Task requirements
The full set of lines below has to be duplicated exactly, with no picture kept.

Data shown
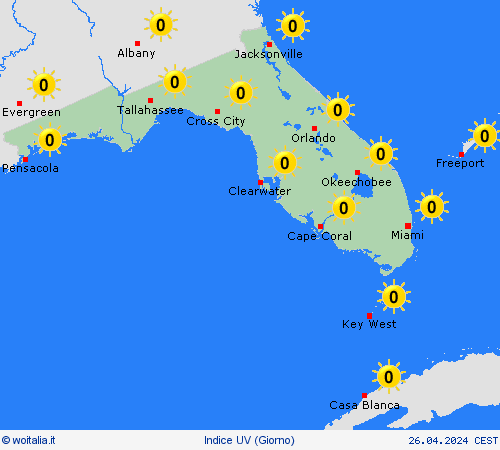 indice uv Florida America del Nord Carte di previsione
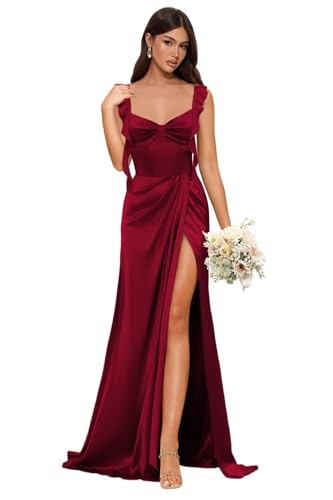 Dessiny Women's Spaghetti Strap Bridesmaid Dresses with Slit 2025 A-Line Satin Formal Evening Party Gowns DE321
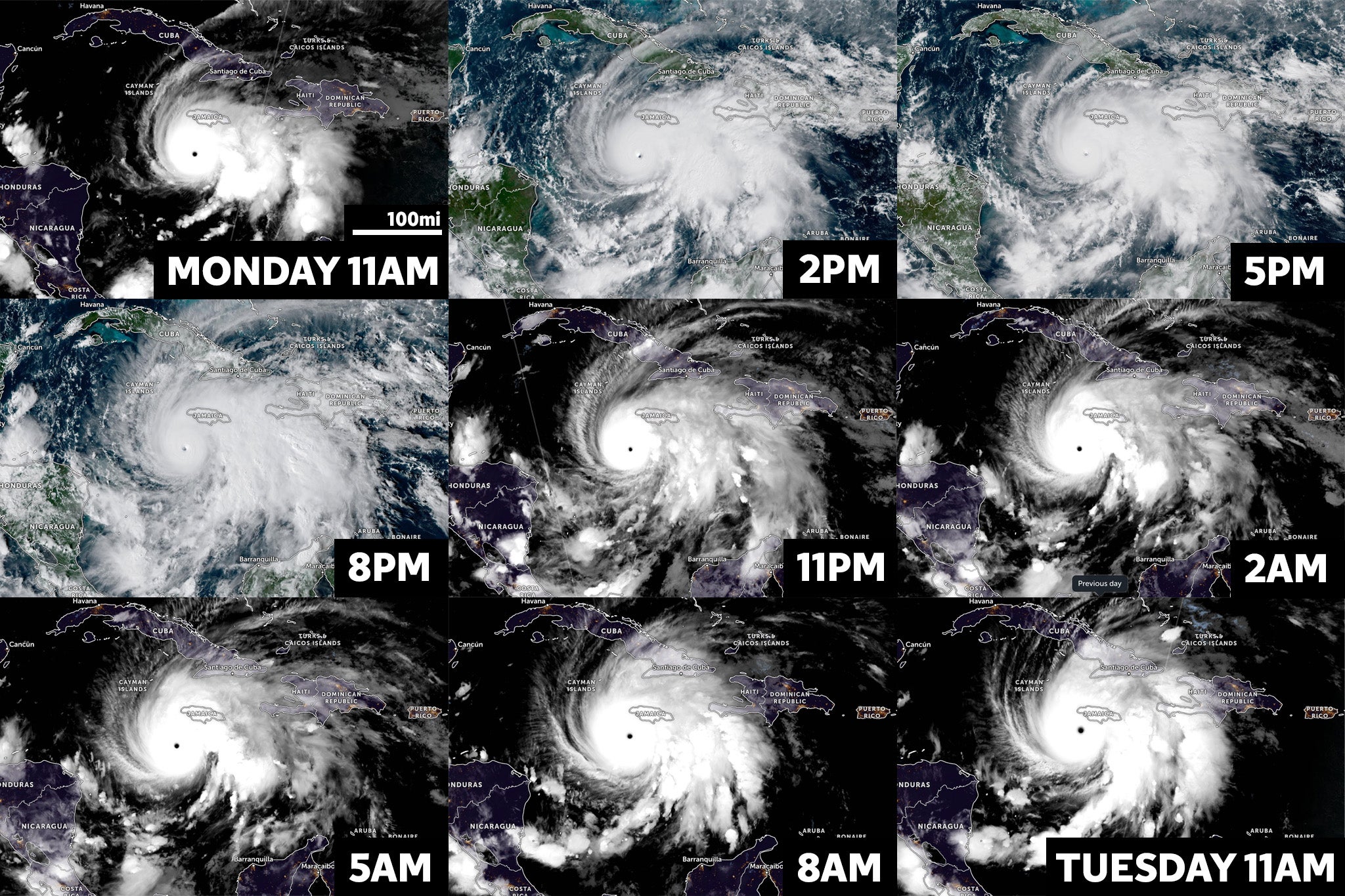 Timelapse shows the slow approach of Hurricane Melissa to Jamaica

Worked solution
 indice uv Florida America del Nord Carte di previsione
 Dessiny Women's Spaghetti Strap Bridesmaid Dresses with Slit 2025 A-Line Satin Formal Evening Party Gowns DE321
 Timelapse shows the slow approach of Hurricane Melissa to Jamaica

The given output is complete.